Buy insurance not only to secure your life and health but also for associated tax benefits. Different insurance plans come with different benefits and hence investors must choose to buy them accordingly. Read further to know more
How many people start planning their investments early in their lives? How many among them decide their investments considering both the tenets of wealth creation and tax savings? A good financial plan planned and decided well in advance not only enables the accumulation of the much-needed corpus but also ensures adequate planning of taxes.

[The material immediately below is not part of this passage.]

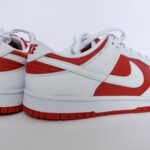 Nike Dunk Low Championship Red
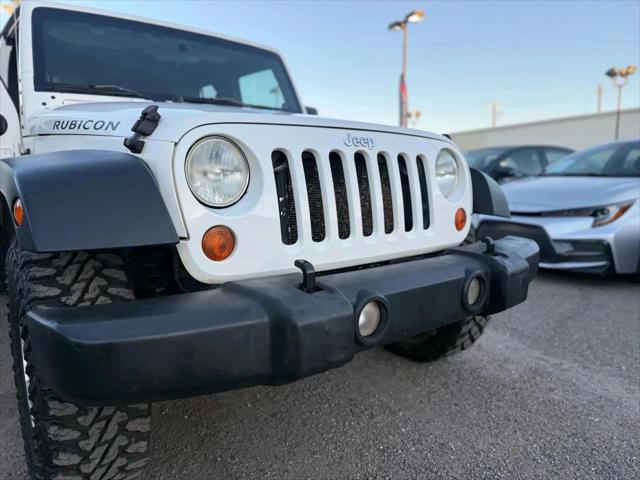 2008 Jeep Wrangler Unlimited Rubicon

The idea behind investing money is to push yourself for increased savings and greater financial security. The benefits of investing come to the fore only during difficult times as the wealth created pays off the expenses while leaving enough for the future. Apart, these investment options also help in tax saving, thus, saving you from the hassle and embarrassment of planning your tax saving measures at the last minute. Investing in insurance products is one of the most popular ways to save money on taxes. Not only do they provide financial security, but they also provide significant tax benefits.

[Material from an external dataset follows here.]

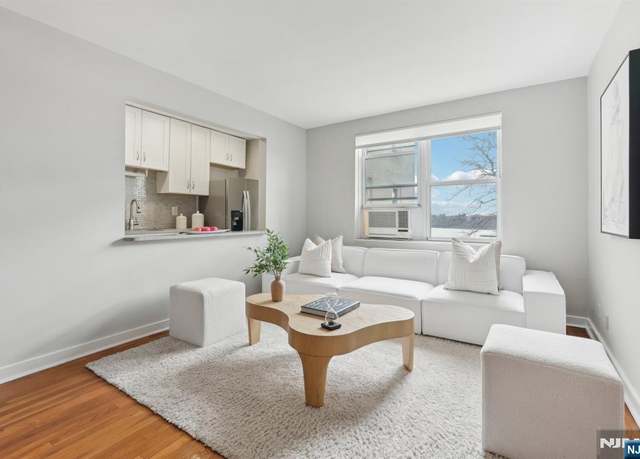 Property at 8300 Boulevard East Unit 4D, North Bergen, NJ 07047, 1 bed, 1 bath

Assessing your financial position regularly will help you evaluate if you have chosen the right investment options that not only help you to get rich but also lower your tax liability. As opposed to traditional investment options like the public provident fund (PPF), the employees’ provident fund (EPF), tax-saving fixed deposits, National Savings Certificates (NSCs), equity-linked savings schemes (ELSS), and more, investors can earn desired amount while saving taxes through insurance products too.

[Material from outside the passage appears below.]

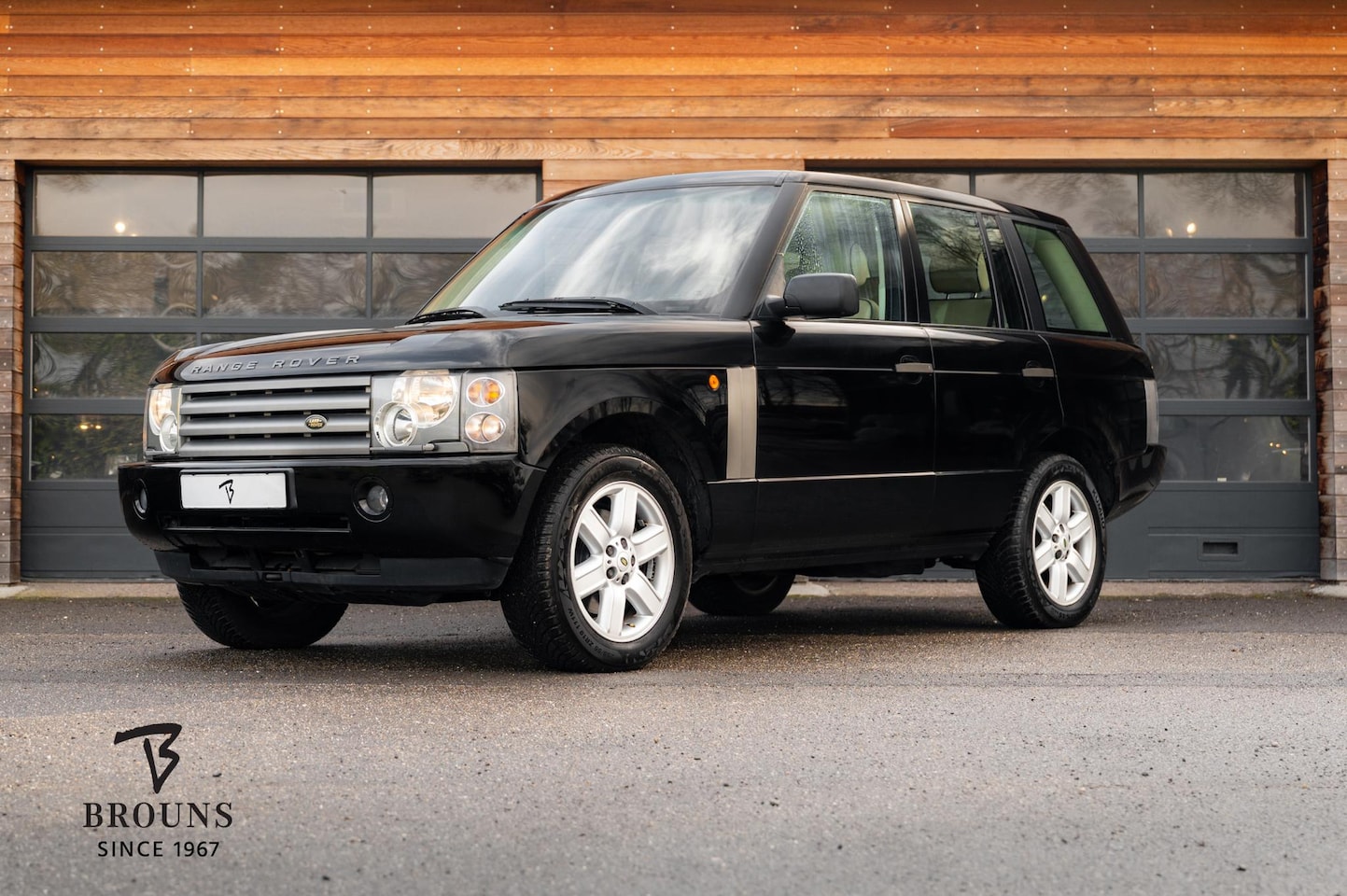 Land Rover Range Rover - 4.4 V8 SE - AutoWereld.nl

Take, for example, Unit Linked Insurance Plans (ULIPs) that help earn returns to the tune of 12-15 per cent. To avail of the desired tax benefits, policyholders can claim tax deductions of up to ₹150,000 on the premiums paid under Section 80C of the Income Tax Act, 1961. The earnings from ULIPs are taxable as “Capital Gains”, in the hands of policyholders, irrespective of partial or complete withdrawal. However, the death proceeds will continue to be exempt from tax, thus, allowing policyholders’ families to benefit from both market-linked earnings and tax-exemption benefits.
Next in line are Guaranteed Return Plans that policyholders must consider for tax benefits under Section 80C and Section 10(10D) of the Income Tax Act. This explains why these plans are preferred over traditional plans including PPFs, FDs, and NSCs. The earnings generated are in the range of 6-7.2 per cent depending on the financial institution issuing the plan. Furthermore, these plans include insurance benefits and a life cover worth 10 times the annual premium, making it eligible for a tax rebate under Section 10(10D). Because of the life insurance component, it also provides tax benefits under Section 80C up to ₹1.50 lakh.
One cannot ignore how Term Insurance Plans are most preferred for their tax-saving benefits. Under Section 80C of the Income Tax Act, premiums paid for a term life insurance policy are tax deductible up to ₹1.50 lakhs. Not only that, but Section 10 (10D) of the benefits states that the payout received under this plan in the event of the policyholder’s death is completely tax-free.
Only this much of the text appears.